◆ **TASK DATA**
= Beginning of Section =
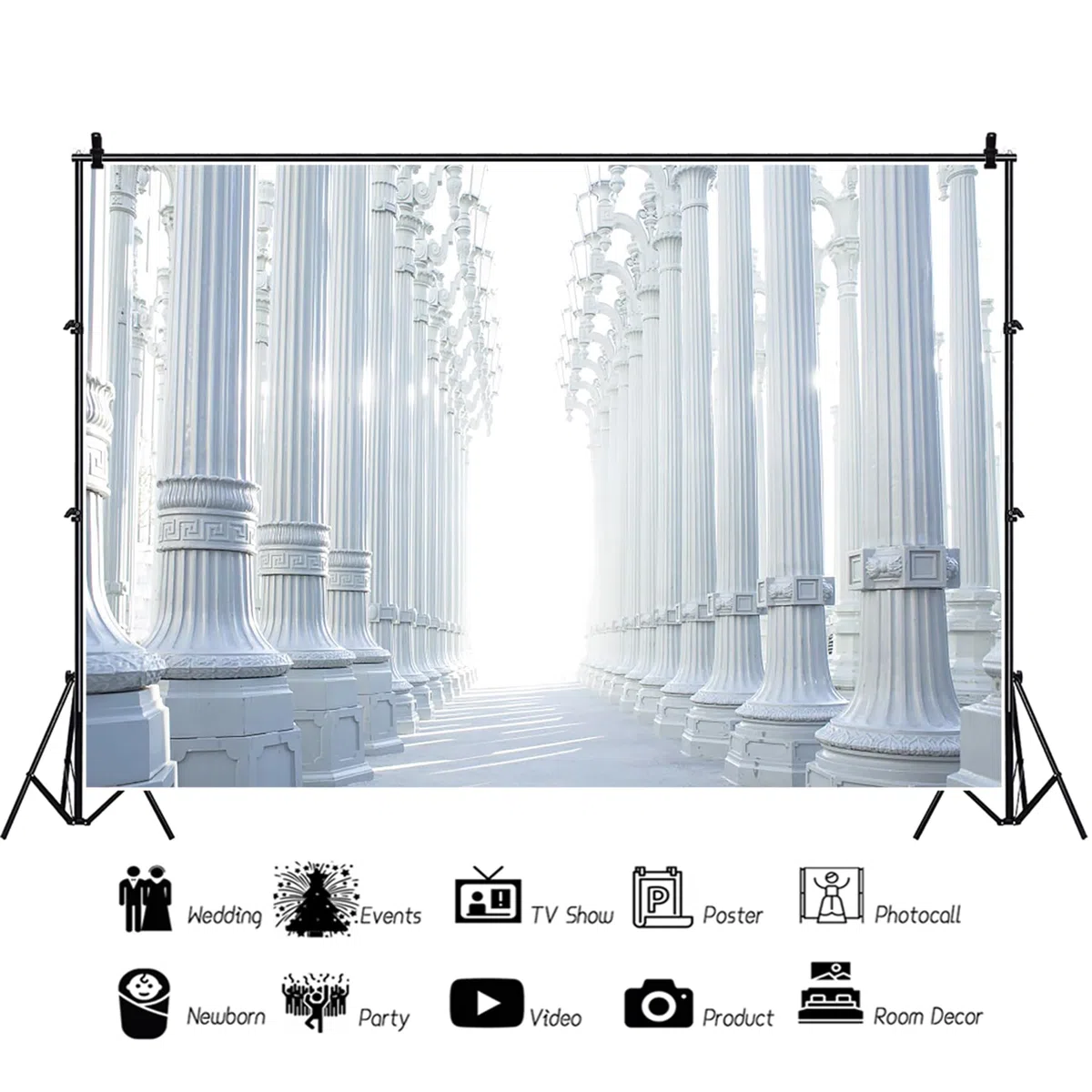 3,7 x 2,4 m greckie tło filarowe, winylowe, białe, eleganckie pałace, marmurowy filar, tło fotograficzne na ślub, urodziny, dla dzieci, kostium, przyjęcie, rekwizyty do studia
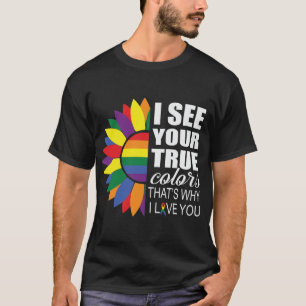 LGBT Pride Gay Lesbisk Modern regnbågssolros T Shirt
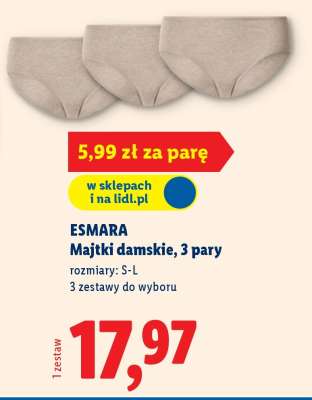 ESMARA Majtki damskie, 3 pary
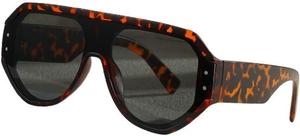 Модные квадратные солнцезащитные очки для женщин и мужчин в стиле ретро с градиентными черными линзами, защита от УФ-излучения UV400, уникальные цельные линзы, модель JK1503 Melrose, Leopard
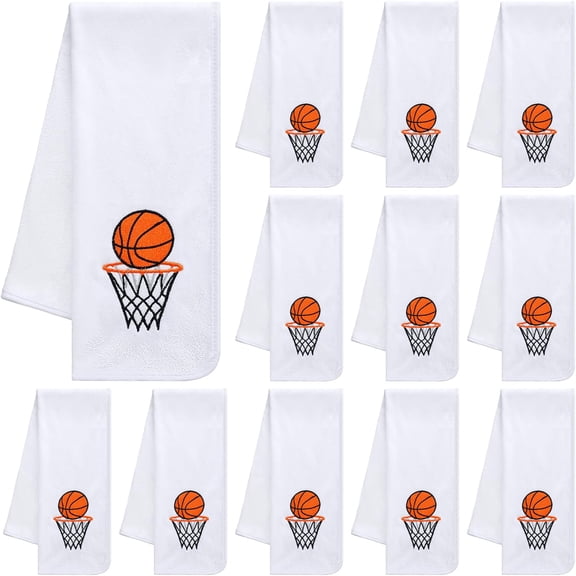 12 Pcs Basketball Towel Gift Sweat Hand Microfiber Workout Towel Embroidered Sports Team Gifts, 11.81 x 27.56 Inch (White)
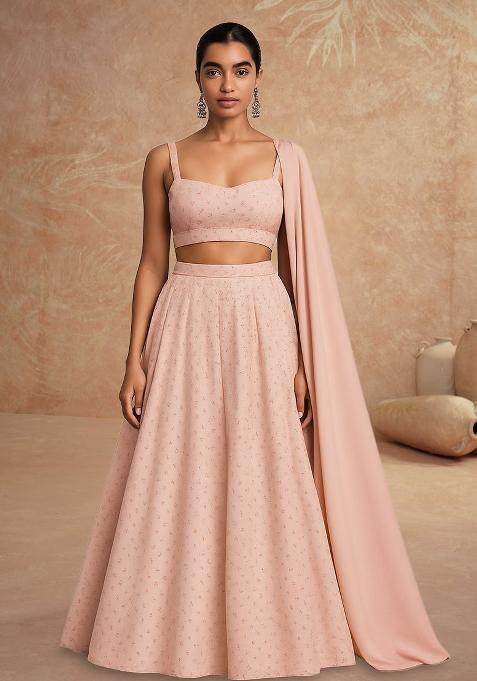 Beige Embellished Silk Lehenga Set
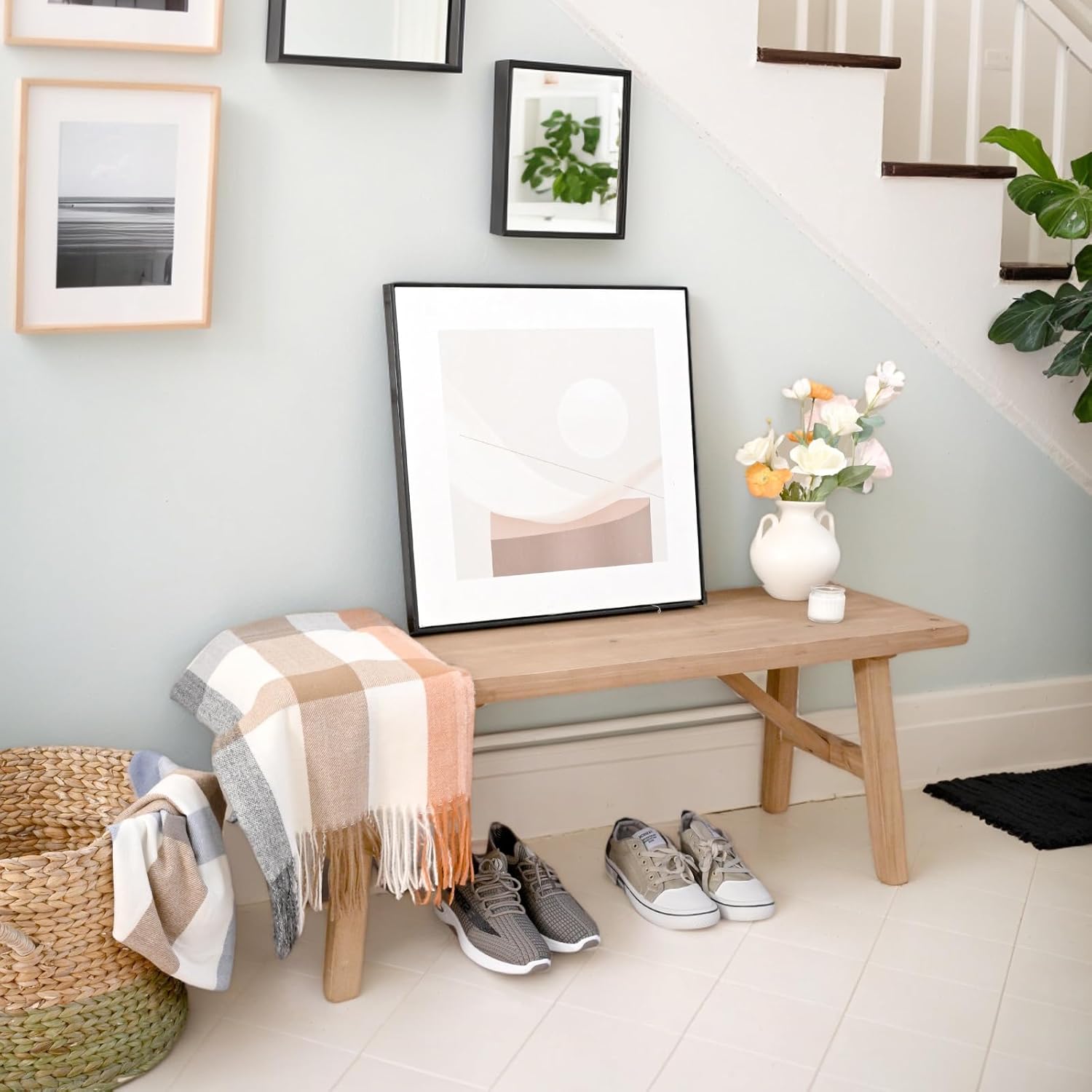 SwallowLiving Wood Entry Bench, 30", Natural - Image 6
= End of Section =
◆ **DESCRIPTION OF THE TASK**
Would you set down, word for word, the lines running from the one that contains "12 Pcs Basketball" to the last line of the material, omitting all pictures?

◆ **EXERCISE RESULT**
 12 Pcs Basketball Towel Gift Sweat Hand Microfiber Workout Towel Embroidered Sports Team Gifts, 11.81 x 27.56 Inch (White)
 Beige Embellished Silk Lehenga Set
 SwallowLiving Wood Entry Bench, 30", Natural - Image 6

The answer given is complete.